Maybe the next step in creating a global society is in ensuring freedom of movement as well as freedom of trade. We’ve seen what something like the Schengen Area in Europe can do, though it’s not without its problems since the common border controls increasingly seem not so common, as the emigration of refugees from Syria has shown. If it were easier for people to move in order to work, perhaps this would lessen fears about “globalism.” That said, I imagine that some locals would have a problem with this, such as how in the U.S. some people have a problem with increased emigration from countries like India and Mexico.
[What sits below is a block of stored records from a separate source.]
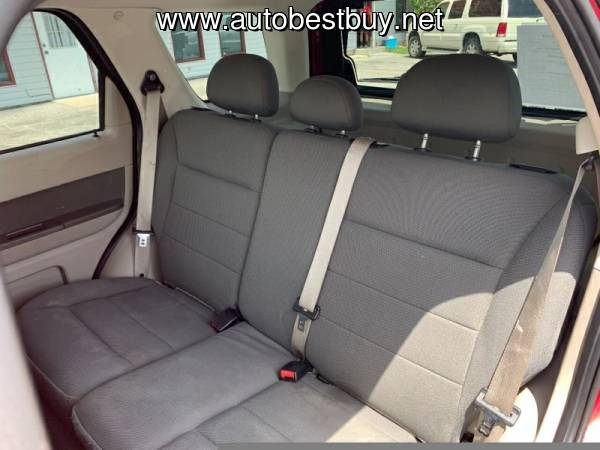 2009 Ford Escape XLT 4dr SUV Call for Steve or Dean - cars & trucks... for sale in Murphysboro, IL – photo 14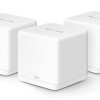 MERCUSYS Mesh WiFi 6 System Halo H60X, 1500Mbps Dual Band, 3τμχ, V.1.0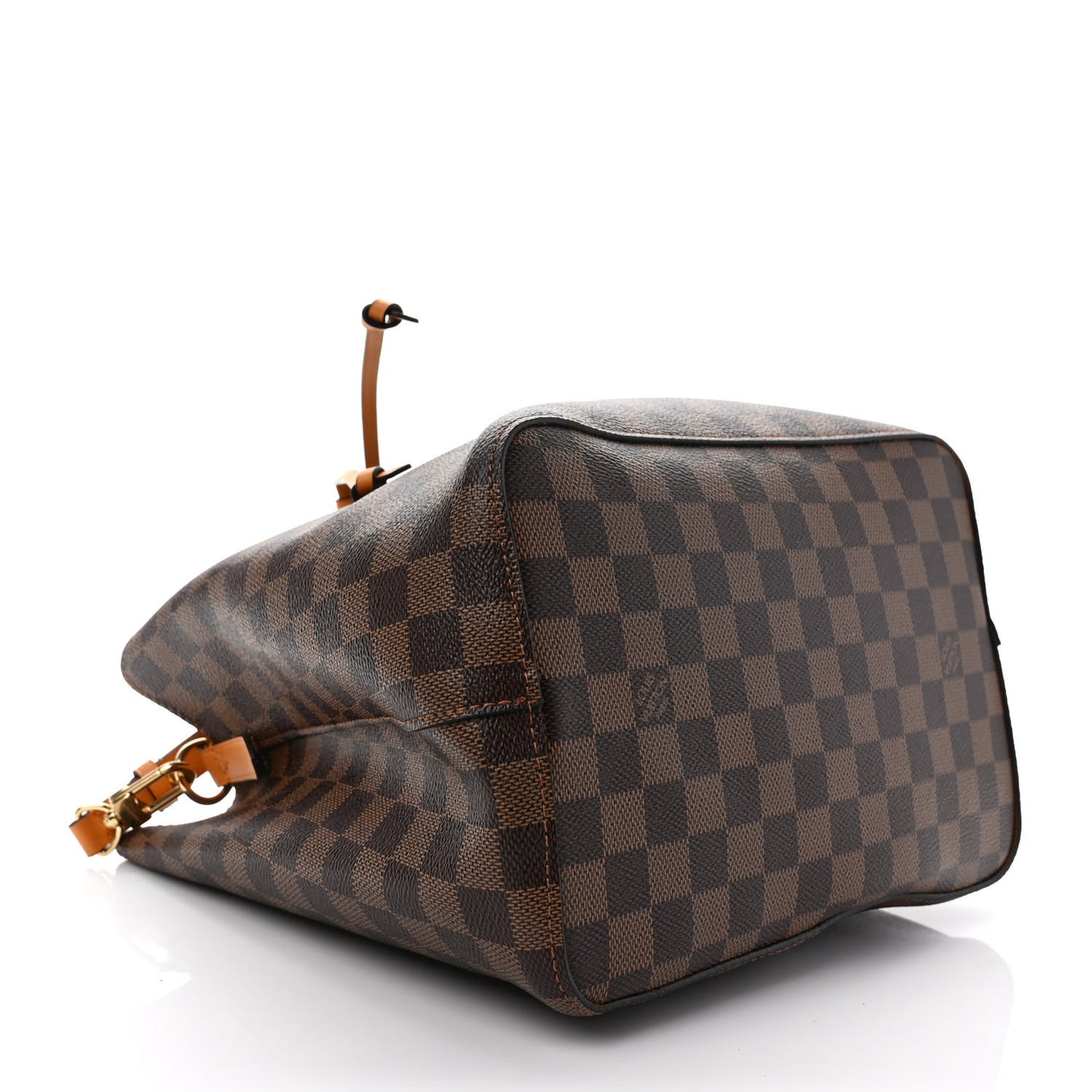 Damier Ebene Neonoe MM Safran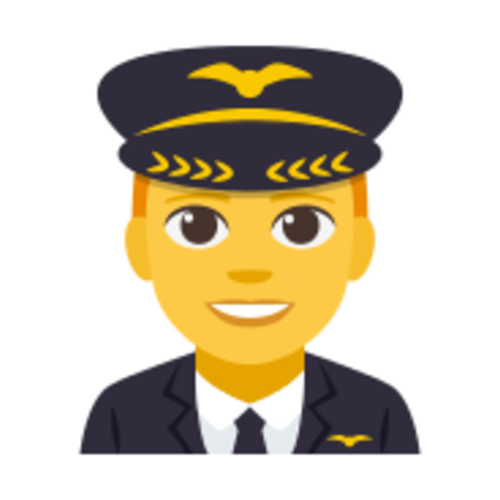 👨‍✈ Emoji Domain EmojiOne rendering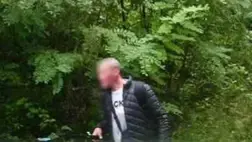 Egy 49 éves férfi horgásznak álcázta magát, hogy illegálisan átlépje az ukrán–szlovák határt. Fotó: Ukrán Állami Határőrszolgálat Nyugati Regionális Igazgatósága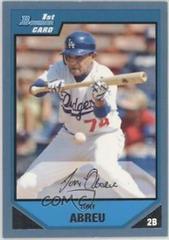 Tony Abreu [Blue] #BP71 Baseball Cards 2007 Bowman Prospects Prices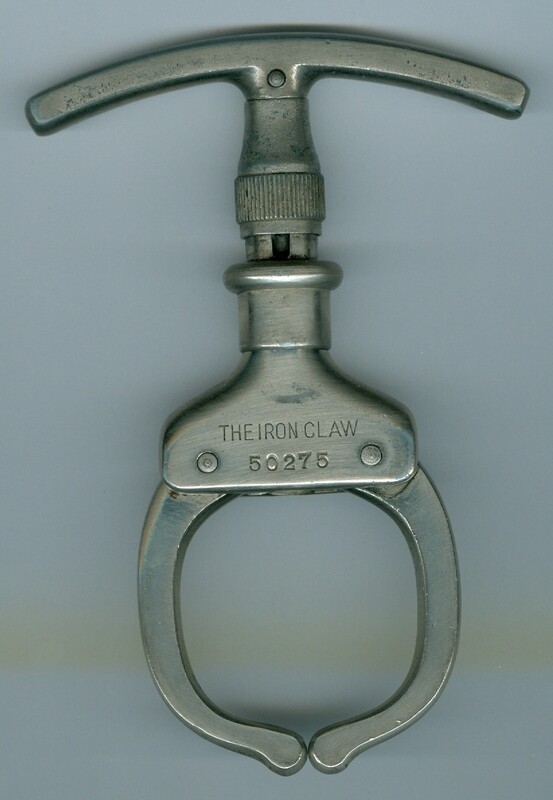 The Iron Claw Restraint W/Case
While there are some legitimate issues brought up with this (since the more liberal emigration policies are too often one-sided), I think it too often leads to xenophobia, such as we’ve seen with comments from Donald Trump supporters and even from the man himself.
However, people generally just want to be part of whatever community they’re in and will do whatever it takes to ensure they can work, play, and live their lives with as little wave making as possible. Just as competition in business generally leads to better products and services, I think competition among people leads to better people. This may sound like a bit of cold analysis but I mean it in the best of ways. I simply think we have nothing to fear from new people moving in, whether it be people from India coming to America or people from America coming to India.
I wouldn’t mind seeing a Schengen-type scheme for North America, including the U.S., Canada, and Mexico, so that’s it’s easier for people to work and live among our three countries but I think it’ll take some time to achieve this.